What you will do:
Output every line below without omitting or altering anything.

=== Begin Enclosure ===

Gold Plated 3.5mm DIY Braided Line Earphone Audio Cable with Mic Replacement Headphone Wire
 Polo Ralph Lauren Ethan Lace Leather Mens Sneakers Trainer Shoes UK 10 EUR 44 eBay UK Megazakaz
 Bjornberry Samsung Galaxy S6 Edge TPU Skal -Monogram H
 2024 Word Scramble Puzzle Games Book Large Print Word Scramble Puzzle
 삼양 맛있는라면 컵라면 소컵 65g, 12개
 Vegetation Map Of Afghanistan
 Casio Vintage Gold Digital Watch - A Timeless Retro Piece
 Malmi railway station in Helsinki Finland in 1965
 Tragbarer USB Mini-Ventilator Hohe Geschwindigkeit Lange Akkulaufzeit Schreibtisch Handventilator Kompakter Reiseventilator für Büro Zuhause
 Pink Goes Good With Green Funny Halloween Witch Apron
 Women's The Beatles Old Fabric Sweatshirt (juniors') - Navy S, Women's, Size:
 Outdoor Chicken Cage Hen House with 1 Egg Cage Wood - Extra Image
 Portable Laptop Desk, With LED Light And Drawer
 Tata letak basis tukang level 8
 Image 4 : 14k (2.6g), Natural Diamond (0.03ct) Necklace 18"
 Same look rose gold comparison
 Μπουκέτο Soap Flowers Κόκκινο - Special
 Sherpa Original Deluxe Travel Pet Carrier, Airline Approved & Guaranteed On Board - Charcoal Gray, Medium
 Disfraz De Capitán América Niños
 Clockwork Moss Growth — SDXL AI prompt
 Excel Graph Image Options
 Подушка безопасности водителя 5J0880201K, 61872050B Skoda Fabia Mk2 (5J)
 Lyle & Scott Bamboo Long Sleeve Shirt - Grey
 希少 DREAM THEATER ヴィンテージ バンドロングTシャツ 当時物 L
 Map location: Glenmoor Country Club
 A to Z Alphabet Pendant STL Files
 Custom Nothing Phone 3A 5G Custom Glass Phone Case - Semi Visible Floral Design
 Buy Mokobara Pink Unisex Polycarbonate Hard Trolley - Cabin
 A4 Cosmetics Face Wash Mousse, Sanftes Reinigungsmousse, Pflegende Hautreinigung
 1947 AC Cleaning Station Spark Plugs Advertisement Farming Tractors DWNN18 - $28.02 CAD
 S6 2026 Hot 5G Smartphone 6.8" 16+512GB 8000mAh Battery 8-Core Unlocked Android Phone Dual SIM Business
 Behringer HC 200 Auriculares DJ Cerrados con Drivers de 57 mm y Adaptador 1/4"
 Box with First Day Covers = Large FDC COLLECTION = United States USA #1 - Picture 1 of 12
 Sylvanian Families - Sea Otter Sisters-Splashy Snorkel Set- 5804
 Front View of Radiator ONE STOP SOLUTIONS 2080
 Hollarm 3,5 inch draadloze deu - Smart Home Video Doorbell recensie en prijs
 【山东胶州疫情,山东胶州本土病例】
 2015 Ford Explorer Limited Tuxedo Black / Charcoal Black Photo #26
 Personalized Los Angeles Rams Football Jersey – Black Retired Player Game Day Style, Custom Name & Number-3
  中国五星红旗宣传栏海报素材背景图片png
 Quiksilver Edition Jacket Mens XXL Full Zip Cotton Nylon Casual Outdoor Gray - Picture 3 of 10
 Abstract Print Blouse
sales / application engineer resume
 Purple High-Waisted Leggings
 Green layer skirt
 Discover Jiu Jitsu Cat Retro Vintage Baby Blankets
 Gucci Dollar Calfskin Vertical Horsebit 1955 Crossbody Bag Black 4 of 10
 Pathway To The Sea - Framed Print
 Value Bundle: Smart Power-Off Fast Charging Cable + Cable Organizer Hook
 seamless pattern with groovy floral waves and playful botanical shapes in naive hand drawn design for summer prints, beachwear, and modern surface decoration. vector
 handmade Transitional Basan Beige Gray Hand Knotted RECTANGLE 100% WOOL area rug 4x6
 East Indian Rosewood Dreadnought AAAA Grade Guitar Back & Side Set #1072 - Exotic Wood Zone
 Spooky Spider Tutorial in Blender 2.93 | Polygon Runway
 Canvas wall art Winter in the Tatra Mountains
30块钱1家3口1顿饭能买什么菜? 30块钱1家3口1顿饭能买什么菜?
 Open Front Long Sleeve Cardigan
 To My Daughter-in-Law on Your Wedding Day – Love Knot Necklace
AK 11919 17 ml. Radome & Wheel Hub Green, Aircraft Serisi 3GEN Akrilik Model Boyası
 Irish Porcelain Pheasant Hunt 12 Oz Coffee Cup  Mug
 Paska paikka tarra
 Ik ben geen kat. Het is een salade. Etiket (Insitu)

=== End Enclosure ===

Solution to the problem:
Gold Plated 3.5mm DIY Braided Line Earphone Audio Cable with Mic Replacement Headphone Wire
 Polo Ralph Lauren Ethan Lace Leather Mens Sneakers Trainer Shoes UK 10 EUR 44 eBay UK Megazakaz
 Bjornberry Samsung Galaxy S6 Edge TPU Skal -Monogram H
 2024 Word Scramble Puzzle Games Book Large Print Word Scramble Puzzle
 삼양 맛있는라면 컵라면 소컵 65g, 12개
 Vegetation Map Of Afghanistan
 Casio Vintage Gold Digital Watch - A Timeless Retro Piece
 Malmi railway station in Helsinki Finland in 1965
 Tragbarer USB Mini-Ventilator Hohe Geschwindigkeit Lange Akkulaufzeit Schreibtisch Handventilator Kompakter Reiseventilator für Büro Zuhause
 Pink Goes Good With Green Funny Halloween Witch Apron
 Women's The Beatles Old Fabric Sweatshirt (juniors') - Navy S, Women's, Size:
 Outdoor Chicken Cage Hen House with 1 Egg Cage Wood - Extra Image
 Portable Laptop Desk, With LED Light And Drawer
 Tata letak basis tukang level 8
 Image 4 : 14k (2.6g), Natural Diamond (0.03ct) Necklace 18"
 Same look rose gold comparison
 Μπουκέτο Soap Flowers Κόκκινο - Special
 Sherpa Original Deluxe Travel Pet Carrier, Airline Approved & Guaranteed On Board - Charcoal Gray, Medium
 Disfraz De Capitán América Niños
 Clockwork Moss Growth — SDXL AI prompt
 Excel Graph Image Options
 Подушка безопасности водителя 5J0880201K, 61872050B Skoda Fabia Mk2 (5J)
 Lyle & Scott Bamboo Long Sleeve Shirt - Grey
 希少 DREAM THEATER ヴィンテージ バンドロングTシャツ 当時物 L
 Map location: Glenmoor Country Club
 A to Z Alphabet Pendant STL Files
 Custom Nothing Phone 3A 5G Custom Glass Phone Case - Semi Visible Floral Design
 Buy Mokobara Pink Unisex Polycarbonate Hard Trolley - Cabin
 A4 Cosmetics Face Wash Mousse, Sanftes Reinigungsmousse, Pflegende Hautreinigung
 1947 AC Cleaning Station Spark Plugs Advertisement Farming Tractors DWNN18 - $28.02 CAD
 S6 2026 Hot 5G Smartphone 6.8" 16+512GB 8000mAh Battery 8-Core Unlocked Android Phone Dual SIM Business
 Behringer HC 200 Auriculares DJ Cerrados con Drivers de 57 mm y Adaptador 1/4"
 Box with First Day Covers = Large FDC COLLECTION = United States USA #1 - Picture 1 of 12
 Sylvanian Families - Sea Otter Sisters-Splashy Snorkel Set- 5804
 Front View of Radiator ONE STOP SOLUTIONS 2080
 Hollarm 3,5 inch draadloze deu - Smart Home Video Doorbell recensie en prijs
 【山东胶州疫情,山东胶州本土病例】
 2015 Ford Explorer Limited Tuxedo Black / Charcoal Black Photo #26
 Personalized Los Angeles Rams Football Jersey – Black Retired Player Game Day Style, Custom Name & Number-3
  中国五星红旗宣传栏海报素材背景图片png
 Quiksilver Edition Jacket Mens XXL Full Zip Cotton Nylon Casual Outdoor Gray - Picture 3 of 10
 Abstract Print Blouse
sales / application engineer resume
 Purple High-Waisted Leggings
 Green layer skirt
 Discover Jiu Jitsu Cat Retro Vintage Baby Blankets
 Gucci Dollar Calfskin Vertical Horsebit 1955 Crossbody Bag Black 4 of 10
 Pathway To The Sea - Framed Print
 Value Bundle: Smart Power-Off Fast Charging Cable + Cable Organizer Hook
 seamless pattern with groovy floral waves and playful botanical shapes in naive hand drawn design for summer prints, beachwear, and modern surface decoration. vector
 handmade Transitional Basan Beige Gray Hand Knotted RECTANGLE 100% WOOL area rug 4x6
 East Indian Rosewood Dreadnought AAAA Grade Guitar Back & Side Set #1072 - Exotic Wood Zone
 Spooky Spider Tutorial in Blender 2.93 | Polygon Runway
 Canvas wall art Winter in the Tatra Mountains
30块钱1家3口1顿饭能买什么菜? 30块钱1家3口1顿饭能买什么菜?
 Open Front Long Sleeve Cardigan
 To My Daughter-in-Law on Your Wedding Day – Love Knot Necklace
AK 11919 17 ml. Radome & Wheel Hub Green, Aircraft Serisi 3GEN Akrilik Model Boyası
 Irish Porcelain Pheasant Hunt 12 Oz Coffee Cup  Mug
 Paska paikka tarra
 Ik ben geen kat. Het is een salade. Etiket (Insitu)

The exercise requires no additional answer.